> [What to do]
Please write out the line containing "Hrinhom 6 Panel" and each line after it through the end of the data, exactly, and nothing else.

> [Records shown]

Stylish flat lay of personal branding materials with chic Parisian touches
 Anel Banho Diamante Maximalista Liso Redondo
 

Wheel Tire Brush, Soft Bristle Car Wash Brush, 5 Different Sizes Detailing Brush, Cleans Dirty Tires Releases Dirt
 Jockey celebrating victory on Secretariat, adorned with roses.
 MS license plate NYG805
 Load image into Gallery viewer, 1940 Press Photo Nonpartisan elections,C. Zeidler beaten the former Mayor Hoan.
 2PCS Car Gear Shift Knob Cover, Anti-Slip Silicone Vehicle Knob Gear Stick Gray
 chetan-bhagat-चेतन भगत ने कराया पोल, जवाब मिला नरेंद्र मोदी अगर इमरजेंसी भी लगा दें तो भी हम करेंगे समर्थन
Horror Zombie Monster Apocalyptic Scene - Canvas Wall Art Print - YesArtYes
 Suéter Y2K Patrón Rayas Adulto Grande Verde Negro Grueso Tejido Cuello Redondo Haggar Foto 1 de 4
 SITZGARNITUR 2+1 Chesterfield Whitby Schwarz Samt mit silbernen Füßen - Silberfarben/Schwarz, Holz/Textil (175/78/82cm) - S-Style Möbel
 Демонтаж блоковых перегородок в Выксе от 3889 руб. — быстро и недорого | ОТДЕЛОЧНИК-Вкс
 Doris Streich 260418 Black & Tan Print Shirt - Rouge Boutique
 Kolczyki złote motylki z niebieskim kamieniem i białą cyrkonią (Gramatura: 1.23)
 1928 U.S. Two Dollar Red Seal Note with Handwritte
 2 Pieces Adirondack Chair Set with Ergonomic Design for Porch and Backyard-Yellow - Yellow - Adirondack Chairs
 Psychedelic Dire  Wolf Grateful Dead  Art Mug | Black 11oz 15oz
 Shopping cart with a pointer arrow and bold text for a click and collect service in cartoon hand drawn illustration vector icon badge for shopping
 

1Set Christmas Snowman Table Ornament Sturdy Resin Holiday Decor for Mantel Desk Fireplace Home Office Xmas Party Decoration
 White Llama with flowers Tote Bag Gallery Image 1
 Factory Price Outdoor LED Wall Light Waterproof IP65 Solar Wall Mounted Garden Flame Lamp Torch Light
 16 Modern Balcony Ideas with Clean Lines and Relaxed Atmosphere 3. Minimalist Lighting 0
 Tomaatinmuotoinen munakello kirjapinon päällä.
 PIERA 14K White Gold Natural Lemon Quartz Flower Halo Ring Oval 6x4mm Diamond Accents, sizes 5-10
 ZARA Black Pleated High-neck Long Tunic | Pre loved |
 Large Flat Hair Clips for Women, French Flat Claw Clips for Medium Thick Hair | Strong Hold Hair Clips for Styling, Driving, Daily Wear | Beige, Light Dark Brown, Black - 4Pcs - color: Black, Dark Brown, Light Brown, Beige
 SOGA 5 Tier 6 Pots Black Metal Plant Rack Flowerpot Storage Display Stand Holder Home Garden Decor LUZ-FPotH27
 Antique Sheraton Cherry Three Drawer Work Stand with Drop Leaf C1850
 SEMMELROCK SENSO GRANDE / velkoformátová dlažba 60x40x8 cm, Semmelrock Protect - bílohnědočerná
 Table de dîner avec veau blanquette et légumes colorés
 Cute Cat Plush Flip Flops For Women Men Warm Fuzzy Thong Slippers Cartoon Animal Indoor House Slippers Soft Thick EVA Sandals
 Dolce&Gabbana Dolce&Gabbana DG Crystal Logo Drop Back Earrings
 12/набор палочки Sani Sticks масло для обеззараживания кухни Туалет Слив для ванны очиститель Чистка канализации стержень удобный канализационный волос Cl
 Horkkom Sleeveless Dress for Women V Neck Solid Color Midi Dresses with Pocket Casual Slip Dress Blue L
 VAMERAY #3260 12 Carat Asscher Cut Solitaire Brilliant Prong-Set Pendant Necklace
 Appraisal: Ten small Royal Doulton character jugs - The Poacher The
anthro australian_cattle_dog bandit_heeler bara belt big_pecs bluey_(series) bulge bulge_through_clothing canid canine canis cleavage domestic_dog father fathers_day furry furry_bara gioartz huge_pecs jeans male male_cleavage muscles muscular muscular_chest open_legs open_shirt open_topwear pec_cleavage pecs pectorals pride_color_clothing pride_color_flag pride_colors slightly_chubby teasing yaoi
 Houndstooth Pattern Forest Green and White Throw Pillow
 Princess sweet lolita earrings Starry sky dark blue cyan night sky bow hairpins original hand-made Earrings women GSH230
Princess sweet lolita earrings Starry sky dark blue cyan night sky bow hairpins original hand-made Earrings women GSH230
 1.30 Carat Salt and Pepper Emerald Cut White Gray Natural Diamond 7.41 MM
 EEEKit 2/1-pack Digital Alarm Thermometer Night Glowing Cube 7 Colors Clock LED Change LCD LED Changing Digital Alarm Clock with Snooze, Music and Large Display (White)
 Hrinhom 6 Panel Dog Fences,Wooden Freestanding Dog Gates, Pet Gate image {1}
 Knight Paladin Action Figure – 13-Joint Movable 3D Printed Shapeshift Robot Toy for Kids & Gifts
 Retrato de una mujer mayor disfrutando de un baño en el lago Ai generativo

> [Your response]
 Hrinhom 6 Panel Dog Fences,Wooden Freestanding Dog Gates, Pet Gate image {1}
 Knight Paladin Action Figure – 13-Joint Movable 3D Printed Shapeshift Robot Toy for Kids & Gifts
 Retrato de una mujer mayor disfrutando de un baño en el lago Ai generativo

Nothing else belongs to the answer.